Excitation of zonal flows and fluid closure

J. Weiland1), S. Dastgeer2), R. Moestam1), I. Holod1), S. Gupta 3)

1) Chalmers University of Technology, EURATOM-VR Association, Gothenburg, S-41296, Sweden.
2) University of California, Riverside, CA 92521, USA
3) University of Wisconsin, Madison, WI 53706, USA

The excitation of zonal flows by ion temperature gradient driven modes is studied by numerical and analytical methods using a reactive advanced fluid model. It is shown analytically that the dominant nonlinearity is the convection in the energy equation. The excitation of zonal flows is particularly strong just above linear marginal stability leading to a nonlinear upshift in the critical gradient for steady transport. Turbulence simulations confirm the overall expectations and a nonlinear upshift in agreement with Dimits nonlinear particle simulations(1) is obtained(2). The strong excitation of zonal flows just above marginal linear stability is due to the fluid resonance in the energy equation. This is exactly where the fluid closure is made so the excitation of zonal flows depends sensitively on this closure. This has been analyzed in more detail by adding a gyro-fluid resonance to the reactive fluid model(3) and using a resonant ordering in Taniutis Reductive perturbation method. A detuning of the resonance was found. This is in agreement with the smaller nonlinear upshift obtained by the IFS-PPPL model in the Cyclone work(1).
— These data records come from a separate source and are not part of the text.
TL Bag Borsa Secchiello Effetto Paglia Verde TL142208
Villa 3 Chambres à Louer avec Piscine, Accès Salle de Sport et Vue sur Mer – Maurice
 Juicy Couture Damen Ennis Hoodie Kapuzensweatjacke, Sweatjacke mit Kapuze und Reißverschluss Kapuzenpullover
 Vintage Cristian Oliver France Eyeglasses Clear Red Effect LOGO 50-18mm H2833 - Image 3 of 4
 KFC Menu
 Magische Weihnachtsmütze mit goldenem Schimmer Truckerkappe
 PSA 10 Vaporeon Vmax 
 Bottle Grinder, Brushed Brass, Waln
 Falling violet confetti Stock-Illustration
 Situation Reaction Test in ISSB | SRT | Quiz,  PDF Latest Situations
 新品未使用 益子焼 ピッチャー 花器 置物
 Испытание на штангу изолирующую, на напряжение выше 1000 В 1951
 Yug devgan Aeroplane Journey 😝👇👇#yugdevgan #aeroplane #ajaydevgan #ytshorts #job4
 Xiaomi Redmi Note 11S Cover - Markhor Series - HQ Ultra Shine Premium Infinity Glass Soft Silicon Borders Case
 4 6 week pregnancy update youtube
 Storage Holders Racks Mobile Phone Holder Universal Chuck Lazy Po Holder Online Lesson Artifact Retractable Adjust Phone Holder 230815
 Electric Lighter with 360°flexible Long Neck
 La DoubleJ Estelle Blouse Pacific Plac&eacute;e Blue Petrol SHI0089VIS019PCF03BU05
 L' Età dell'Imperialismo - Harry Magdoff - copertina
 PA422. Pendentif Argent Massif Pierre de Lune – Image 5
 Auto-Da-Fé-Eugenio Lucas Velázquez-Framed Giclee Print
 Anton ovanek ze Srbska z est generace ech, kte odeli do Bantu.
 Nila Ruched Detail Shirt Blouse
Further support for the importance of the resonance for the nonlinear upshift comes from the fact that this is the regime which was most sensitive to the convergence with respect to number of particles in the kinetic Cyclone simulations(1). For convergence, a sufficient number of particles in the resonant regions of phase space is required. Thus the conclusion is that the nonlinear upshift, due to zonal flows, is particularly sensitive to the kinetic resonance. This makes the nonlinear upshift dynamics particularly sensitive to the fluid closure and it is rather remarkable that fluid models at all are able to deal with this dynamics. The general effects of closure and diffusion on a simple three-wave system has also recently been studied(4). Parallels between the systems can be drawn.

References

1. A Dimits, G. Bateman, M.A. Beer et.al. Comparisons and Physics Basis of Tokamak Transport Models and Turbulence Simulations, Phys. Plasmas 7, 969 (2000).
2. Sheik Dastgeer, Sangeeta Mahajan and Jan Weiland, Zonal flows and transport in ion temperature gradient turbulence, Phys. Plasmas 9, 4911 (2002).
3. Robert. Moestam, Dastgeer Sheik and Jan Weiland, Self consistent theory of zonal flows in ion temperature gradient turbulence. Paper 1E46, 2003 International Sherwood Fusion Theory Meeting, April 12-23, Corpus Cristi, Texas.
4. I. Holod, J. Weiland and A. Zagorodny, Nonlinear fluid closure: Three-mode slab ion temperature gradient problem with diffusion, Physics of Plasmas 9, 1217 (2002).